Go through the material and copy each line in which the word "this" shows up.

━━━━━ Dataset extract ━━━━━

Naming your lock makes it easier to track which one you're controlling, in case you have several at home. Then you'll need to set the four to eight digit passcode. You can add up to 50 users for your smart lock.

━━━━━
━━━━━ Dataset extract ━━━━━

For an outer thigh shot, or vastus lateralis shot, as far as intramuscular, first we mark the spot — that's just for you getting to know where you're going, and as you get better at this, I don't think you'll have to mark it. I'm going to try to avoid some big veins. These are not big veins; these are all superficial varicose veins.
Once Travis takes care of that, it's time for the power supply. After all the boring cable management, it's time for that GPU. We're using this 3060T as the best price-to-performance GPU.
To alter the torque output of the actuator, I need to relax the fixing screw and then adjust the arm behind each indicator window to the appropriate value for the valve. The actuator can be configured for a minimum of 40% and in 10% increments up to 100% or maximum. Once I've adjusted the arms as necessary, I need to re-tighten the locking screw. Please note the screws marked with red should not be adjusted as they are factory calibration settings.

━━━━━
━━━━━ Dataset extract ━━━━━

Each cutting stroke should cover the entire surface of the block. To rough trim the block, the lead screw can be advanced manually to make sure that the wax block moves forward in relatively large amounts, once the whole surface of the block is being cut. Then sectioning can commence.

━━━━━

## Final answer
For an outer thigh shot, or vastus lateralis shot, as far as intramuscular, first we mark the spot — that's just for you getting to know where you're going, and as you get better at this, I don't think you'll have to mark it. I'm going to try to avoid some big veins. These are not big veins; these are all superficial varicose veins.
Once Travis takes care of that, it's time for the power supply. After all the boring cable management, it's time for that GPU. We're using this 3060T as the best price-to-performance GPU.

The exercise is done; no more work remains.